One of the primary precursors for diabetes, hypertension and CV disease is the metabolic syndrome. The metabolic syndrome refers to a condition associated with insulin resistance in which three of five signs must be present, including abdominal obesity, impaired fasting glucose, elevated blood pressure, hypertriglyceridaemia and low HDL cholesterol . In addition to the classic five signs mentioned above, the metabolic syndrome is associated with a number of other conditions, including microalbuminuria , fatty liver , endothelial dysfunction , hyperuricaemia  and systemic inflammation . While not all of these signs are necessarily present, they frequently coexist and appear to be the primary harbinger for the development of type 2 diabetes and CV disease [16,17]. In addition, the presence of metabolic syndrome has recently been recognized as a risk factor for CKD [18,19].
The aetiology of insulin resistance and the metabolic syndrome involves both environmental and genetic factors.

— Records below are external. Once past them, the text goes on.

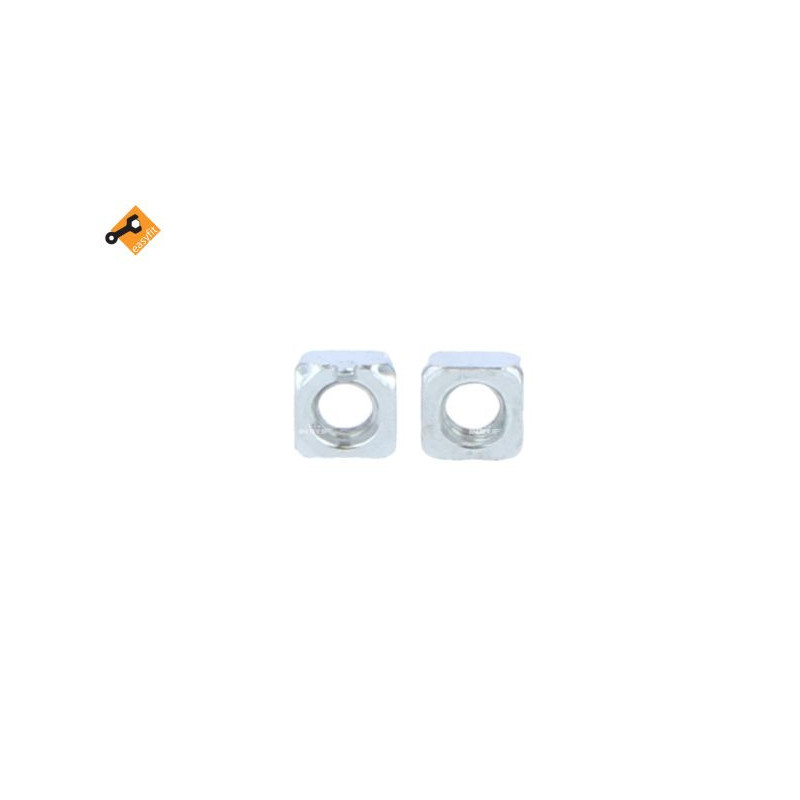 Intercooler (échangeur d'air) NRF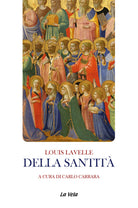 Cover of Della santità
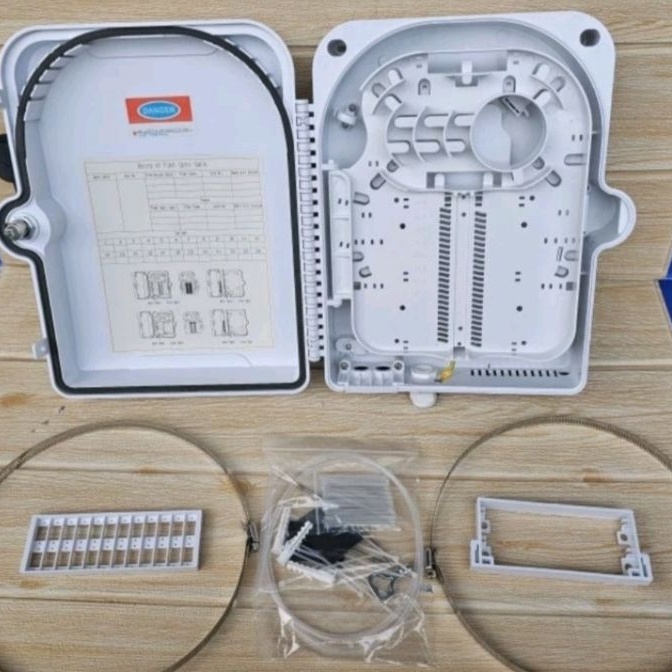 HJ6 odp 24 coreODP 24CORE KOSONGAN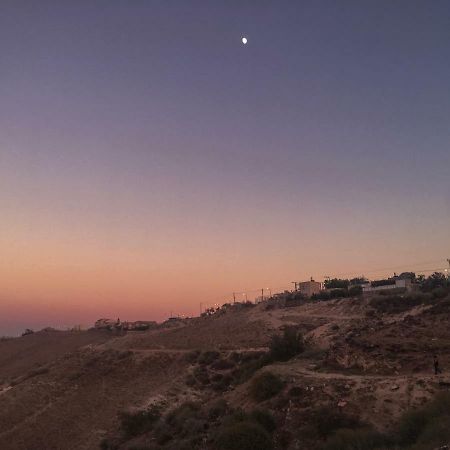 Rio Desert View Apartment 阿拉德 外观 照片
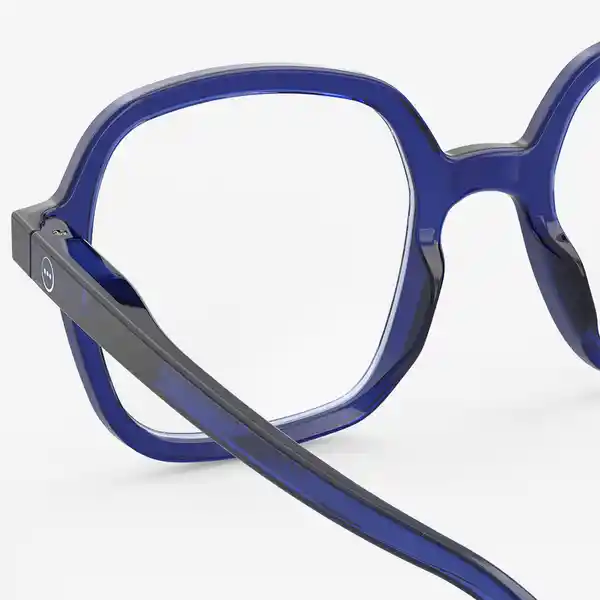 Izipizi Gafas Reading D Azul T + 1.5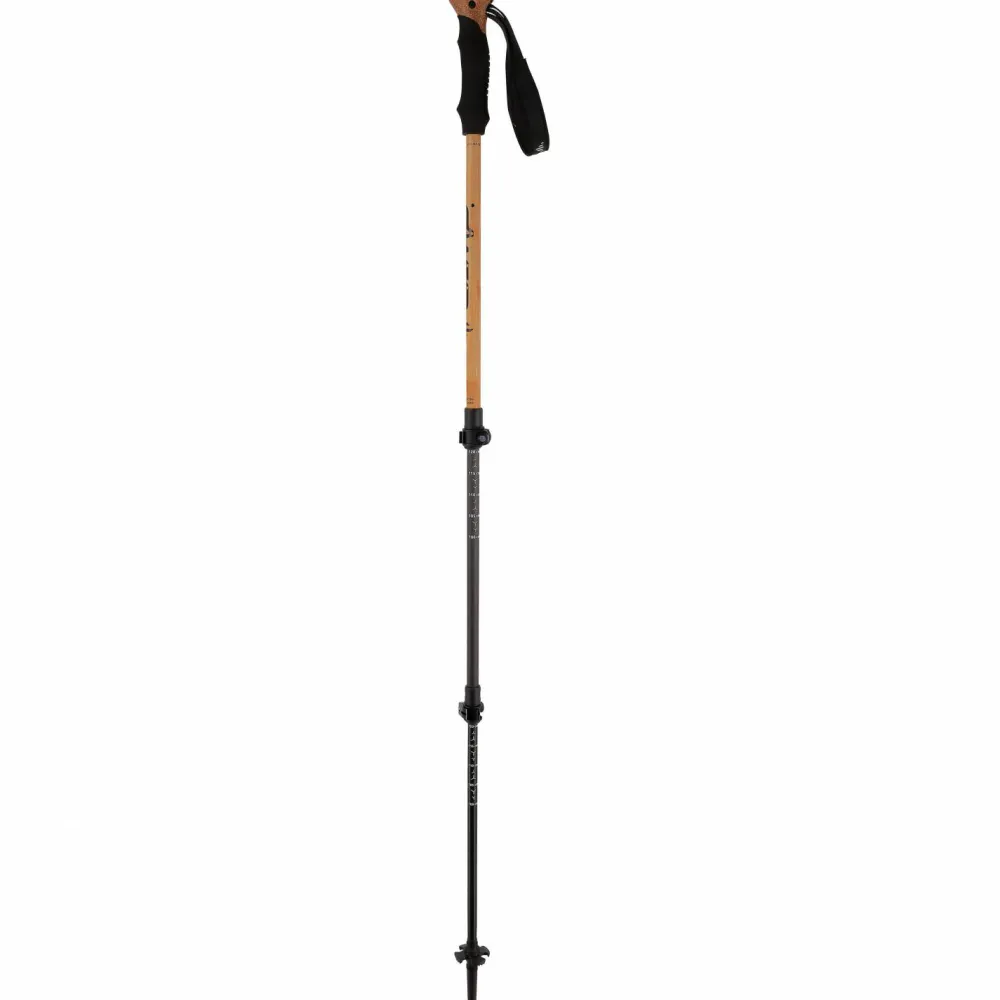C.A.M.P. - Backcountry Bamboo - Trekkingstöcke Discount
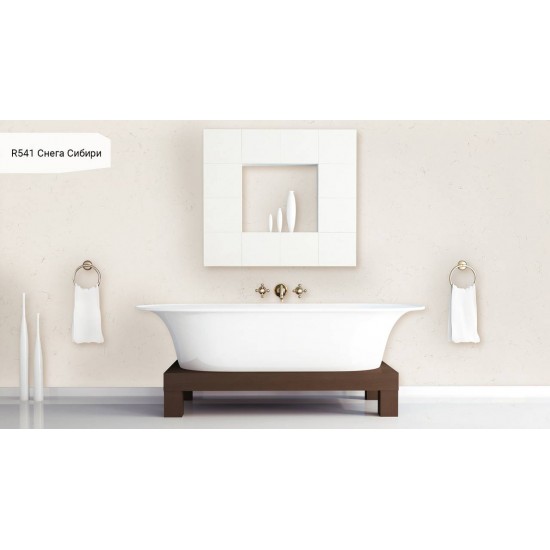 R541 Снега Сибири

The observation that the metabolic syndrome has been associated with the introduction of Western life style to various indigenous populations  coupled with its rapid rise suggests the possibility that the introduction of Western diet could be involved in its pathogenesis. In this regard, fructose is a simple sugar that is a component of table sugar (sucrose) as well as of high fructose corn syrup (HFCS), which is a sweetener used primarily in the USA. Fructose consumption has increased markedly worldwide over the last two centuries and its acceleration in intake during the last several decades correlates closely with the rise in obesity and metabolic syndrome . Perhaps most concerning is the fact that the administration of fructose can induce most of the features of metabolic syndrome in both animals and humans [22,23]. This suggests that fructose intake could have a role in the development of metabolic syndrome.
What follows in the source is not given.